The installation of Fr Fintan Monahan as Bishop of Killaloe could hardly have been a more inclusive affair, and that’s how Ireland’s newest bishop wanted it – a big believer in episcopal consultation, he made it clear in advance of his ordination Mass that he wanted his ceremonial installation as bishop to draw together all the diocese.
The bulk of the congregation in Ennis’s Cathedral of Ss Peter and Paul were family and friends of the popular bishop, but the ceremony was marked for the involvement of others he might not have known so well, whether they were the young people of the Kilmore Diocesan Youth Council who prepared the altar, children from St Anne’s Special School in Roscrea who accompanied the Invocation of the Holy Spirit with liturgical movement, or members of the Travelling and Polish communities who formally greeted the new bishop after he had received his ring, mitre, and crozier.
The chief ordaining priest at the ceremony was Bishop Fintan’s predecessor in Killaloe, Cashel & Emly’s Archbishop Kieran O’Reilly, assisted by the Archbishop of Tuam – Bishop Fintan’s previous diocese – Dr Michael Neary and the papal nuncio, Archbishop Charles Brown, in the presence of a host of other bishops and clergy, there to lay hands on the new bishop and concelebrate his first Mass as bishop.

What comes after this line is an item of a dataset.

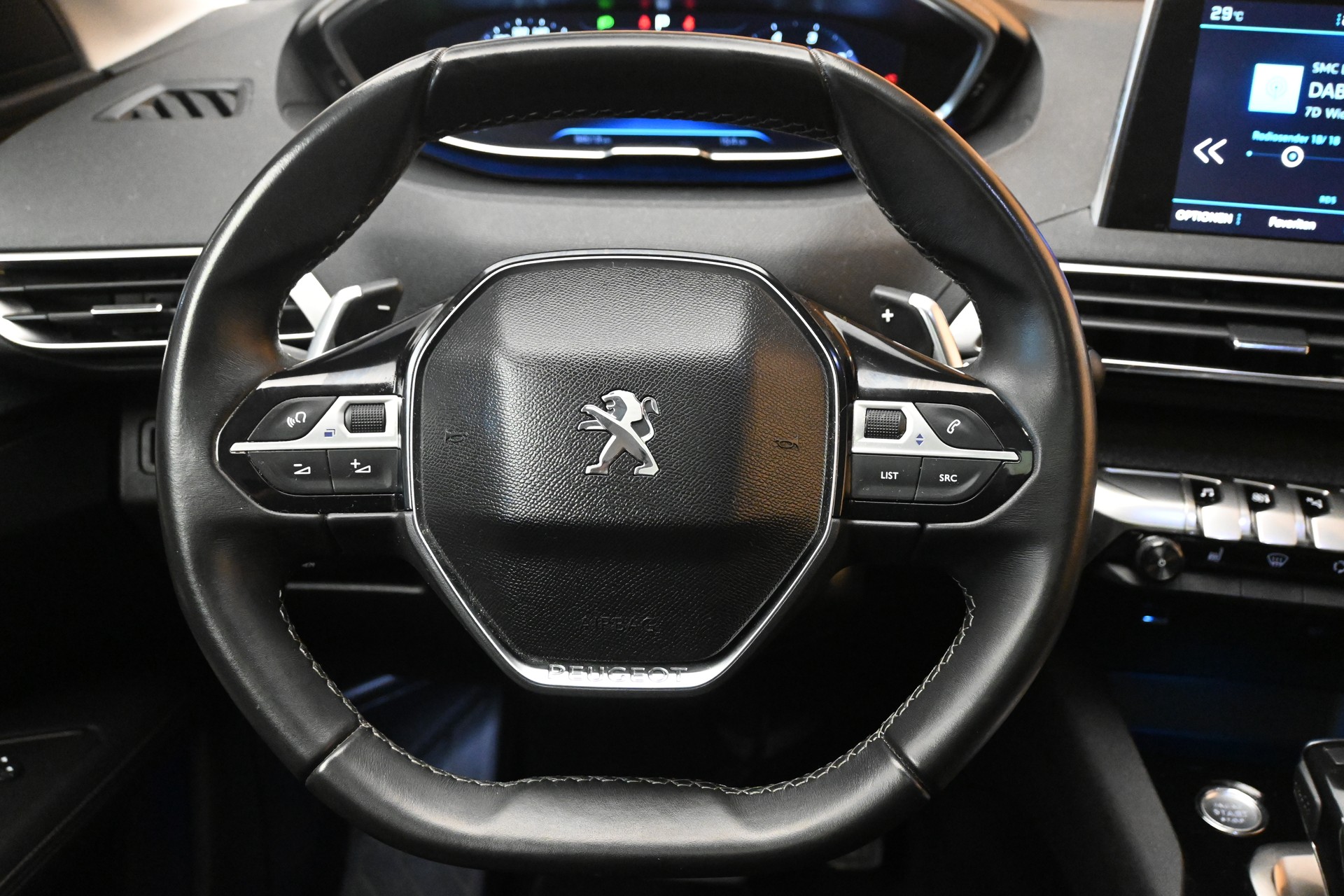 PEUGEOT 3008 1.5 BlueHDi Allure-image-8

Among those present were Bishop Fintan’s parents Peg and Tom, and his siblings Seán and Catríona, with his father and sister reading the First and Second Readings, and if any aspect of the ceremony is likely to stick in the mind more than the glorious music from the six combined choirs, with accompany musicians, it will be the challenging, rousing and sometimes hilarious homily from Bishop Fintan’s old friend, Canon Brendan Kilcoyne of Athenry.

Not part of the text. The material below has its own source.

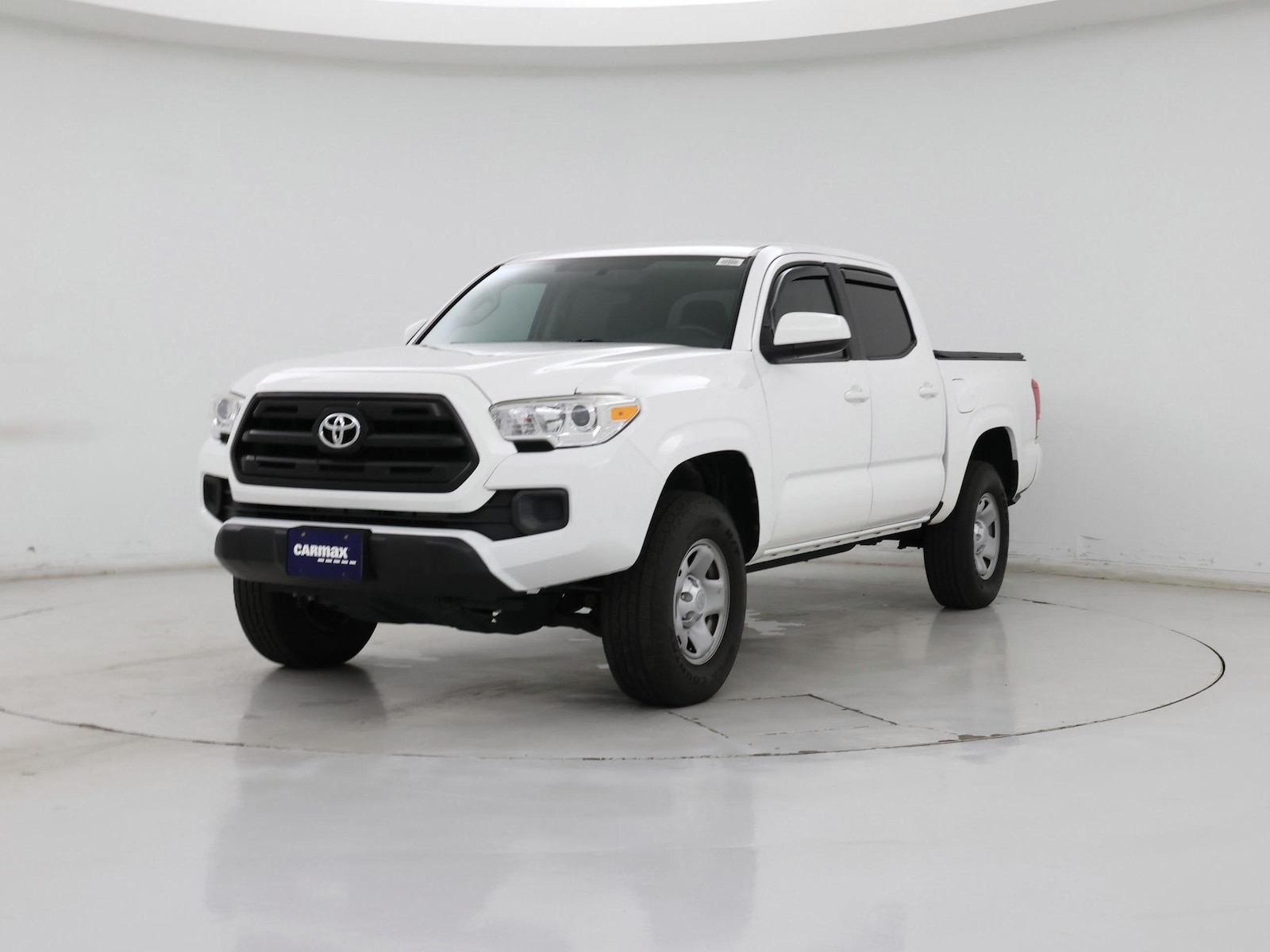 Image of 2017 Toyota Tacoma SR5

“We will not be led by small men,” he said, calling on the new bishop to lead from the front. “You must have more than we need,” he said.
As for the new bishop, he seemed ready to face his new challenge, listening keenly, smiling firmly, and laughing often through Fr Brendan’s homily.
Afterwards, in mapping out his major priorities for the diocese, he admitted to failing to invite Pope Francis to Killaloe “if he decides to come to Ireland” for 2018’s World Meeting of Families, but he said he’d have another chance to speak to him in January during the Irish bishops’ Ad Limina visit to Rome.
The queue to meet the new bishop after Mass could hardly have been longer: he already looks an inspired and popular choice.